In the wake of national tragedies such as the massacre at PULSE Night Club in Orlando, FL and the continuing fatal police shootings, LTC put out a national call for new plays that explore how we come together and move forward in times of crisis. Featuring plays from notable writers from around the country, we seek to find answers to these questions through laughter, tears, and community.
Pay-what-you-can ($25 suggested)
All Performances @ 7:30pm
September 22 – October 1, 2016
September 22 and 29 – a feature of all LTC shows.
A chance to meet the artists, discuss the production and interact with us.
Landing Theatre @ the Docks
1119 Providence Street
Houston, TX 77002
SUMMER STORM by Jaisey Bates
directed by Melanie Burke
Two spoken word poem plays: “’before the worst shooting in u.s. history,’ they were dancing” and “I had a dream but now I’m woke” about the shooting at PULSE Nightclub and the killings of Alton Sterling and Philando Castille.

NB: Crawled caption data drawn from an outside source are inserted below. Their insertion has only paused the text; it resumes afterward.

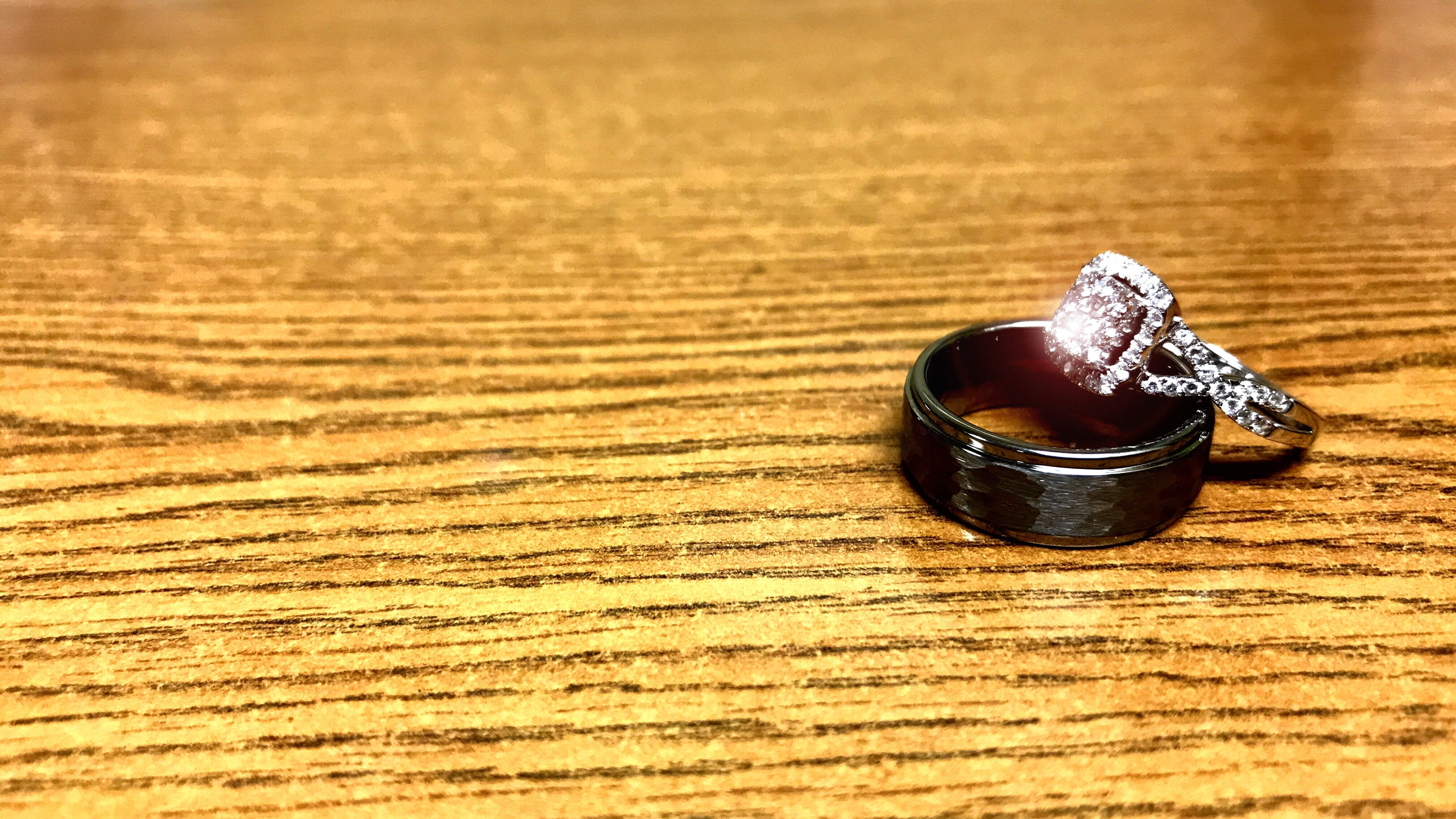 4K, commitment, stone, wedding ring, wood grain, jewelry, selective focus, shine, silver colored, metal, precious, gemstone, luxury, gold, shiny, two objects, HD Wallpaper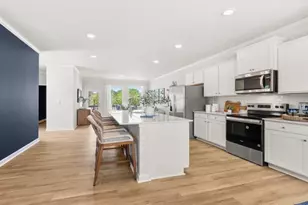 6728 Leigh St, Flowery Branch, GA 30542 - Photo 8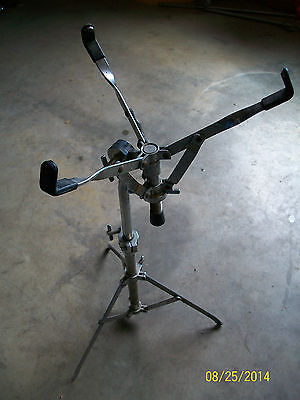 Remo Dynamax Snare Drum Stand  *USED*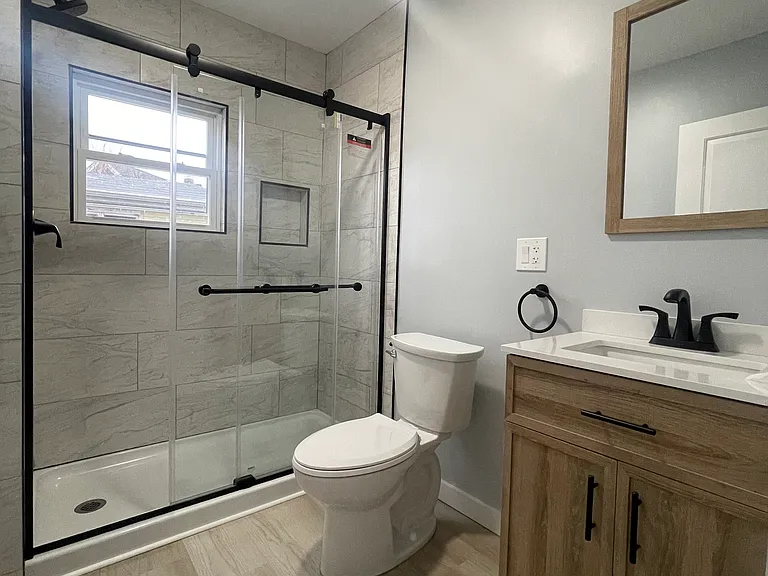 675 Cottage St #2 — Photo 8
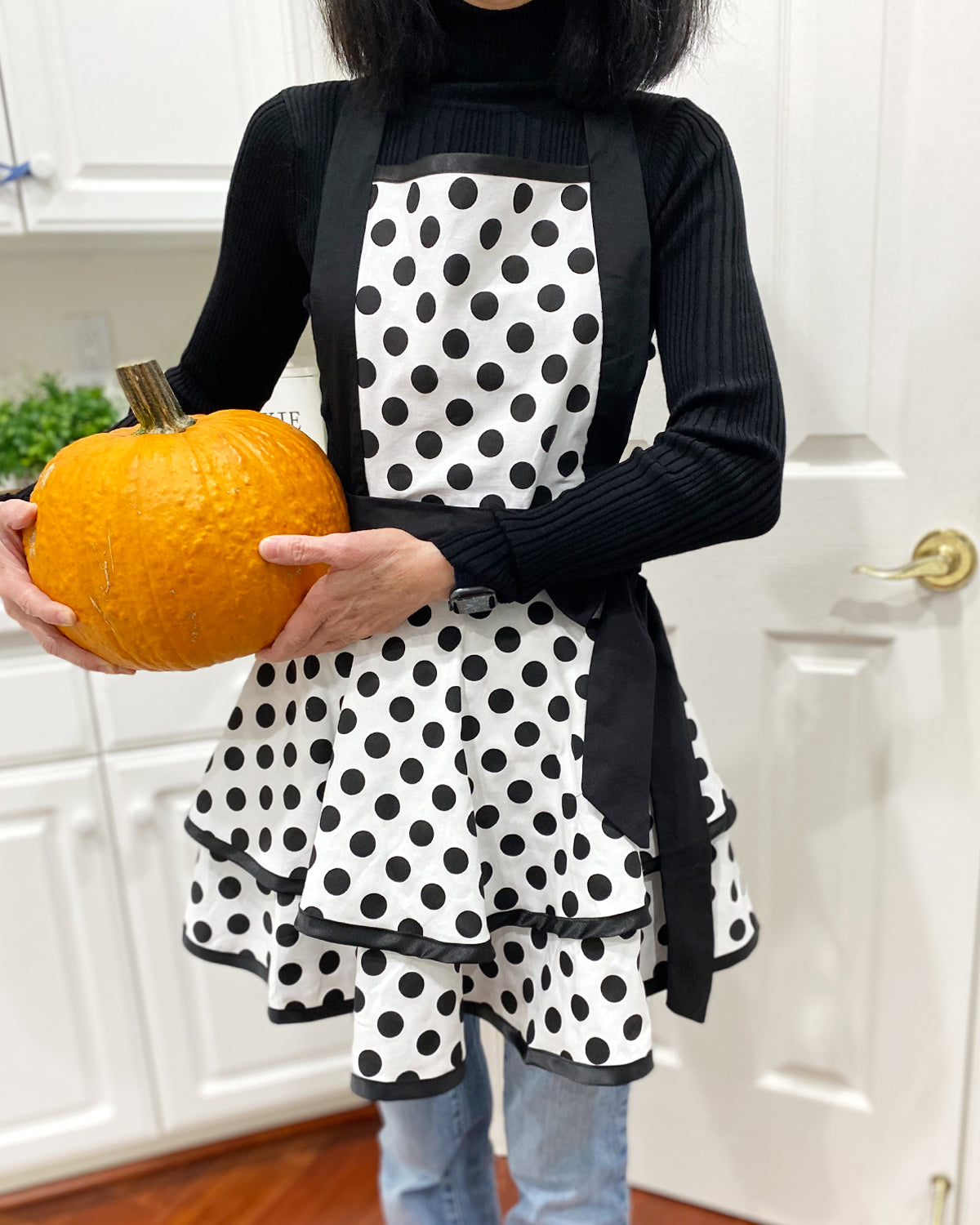 Wrapables Classic Vintage Apron,  Stylish Cooking Apron,  Black Dot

CRAM SCHOOL SNOW DAY by Reina Hardy
directed by Rob Kimbro
Phones no longer have internet, the Great Republic has just acquired a sniper corps, and five cram school teachers are stuck at school on a Saturday snow day. No children have arrived. Suddenly chanting and the sounds of gunfire spill in from the streets outside.
STOP FRISK by Rich Rubin
directed by Cheramie Hopper
A White cop stops a Black man on his way to visit a friend. After pinning him to the ground and taking his ID, the officer realizes that this was the high school football star he revered 20 years ago.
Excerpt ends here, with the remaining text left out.